Content starts
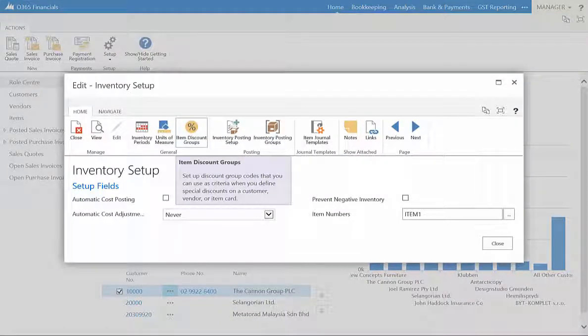Item discount groups allows you to establish the discount group codes for customer, vendor, or the item card.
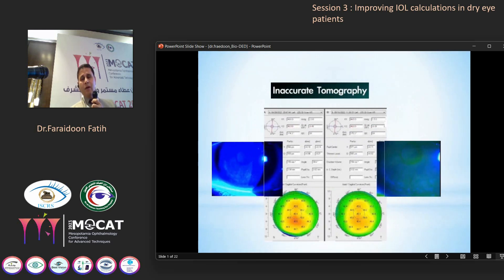In accurate topography, we can see this patient with corneal staining and hot spots, which improved after giving treatment.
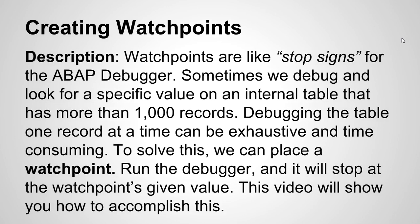Description: Watchpoints are like stop signs for the ABAP debugger. Sometimes we debug and look for a specific value on an internal table that has more than a thousand records. Debugging the table one record at a time can be exhaustive and time-consuming. To solve this we can place a watchpoint. Run the debugger and it will stop at the watchpoint's given value. This video will show you how to accomplish this.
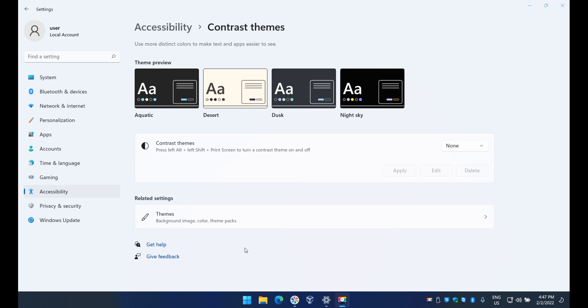Now if you want to change the contrast themes on and off, all you have to do is press Alt Shift plus Print Screen, these are three keys on your keyboard, and you can turn it on and off. But as I said you can always do it manually here.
Content ends
**Assignment:** Write out the whole listing again, exactly, with no pictures.

**Answer:**
Item discount groups allows you to establish the discount group codes for customer, vendor, or the item card.
In accurate topography, we can see this patient with corneal staining and hot spots, which improved after giving treatment.
Description: Watchpoints are like stop signs for the ABAP debugger. Sometimes we debug and look for a specific value on an internal table that has more than a thousand records. Debugging the table one record at a time can be exhaustive and time-consuming. To solve this we can place a watchpoint. Run the debugger and it will stop at the watchpoint's given value. This video will show you how to accomplish this.
Now if you want to change the contrast themes on and off, all you have to do is press Alt Shift plus Print Screen, these are three keys on your keyboard, and you can turn it on and off. But as I said you can always do it manually here.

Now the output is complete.